The World Wars is a three-part, six-hour event miniseries by the History Channel that premiered on Monday, May 26, 2014, (Memorial Day) airing for three consecutive nights. An extended version of the series, divided into six episodes with never before seen footage, was subsequently broadcast on H2 and in more than 160 countries on June 22, 2014.

Narrated by Jeremy Renner, the documentary series features a mix of dramatic reenactments, archival stills and footage, and interviews with historians and authors alongside current and former prominent political figures such as former U.S. Senator John McCain from Arizona, former U.S. General and Secretary of State Colin Powell, former British prime minister John Major, former Italian Prime Minister Mario Monti, former U.S. Defense Secretary Leon Panetta, former U.K. Foreign Secretary David Miliband and many more.

The show was produced for History Channel by Stephen David Entertainment, the production company behind the Emmy Award-winning miniseries The Men Who Built America.

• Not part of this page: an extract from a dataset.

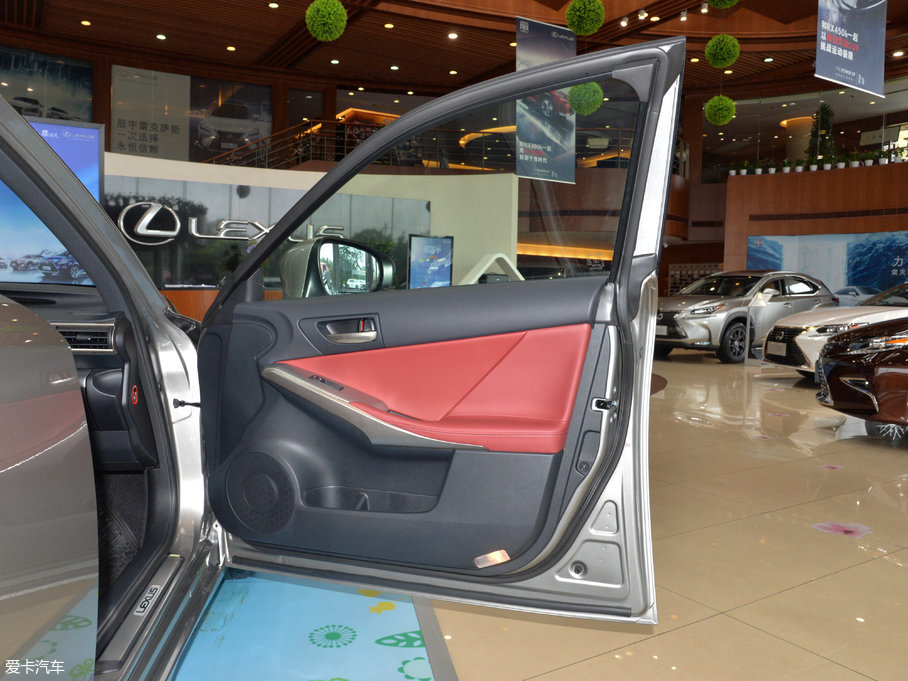 2017׿_˹IS 300 F SPORT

A portion of the filming took place in and around Martinsburg, West Virginia in the United States during October and November 2013. The series was introduced by United States President Barack Obama in a pre-recorded message.

==Overview==
According to the History Channel, the miniseries "showcase(s) the thirty year period that changed the course of human history", documenting both World Wars and the interwar era in a continuous timeline from 1914 to 1945. The series takes a personality-driven approach, focusing on some of the key players of World War II (Hitler, Mussolini, Patton, Stalin, Churchill, Roosevelt), and chronicling how their experiences as younger men in the First World War shaped them into the leaders they became in World War II.

==Cast==
The series features two actors for each of the main characters, one young (during WWI) and one older (during World War II and its lead-up).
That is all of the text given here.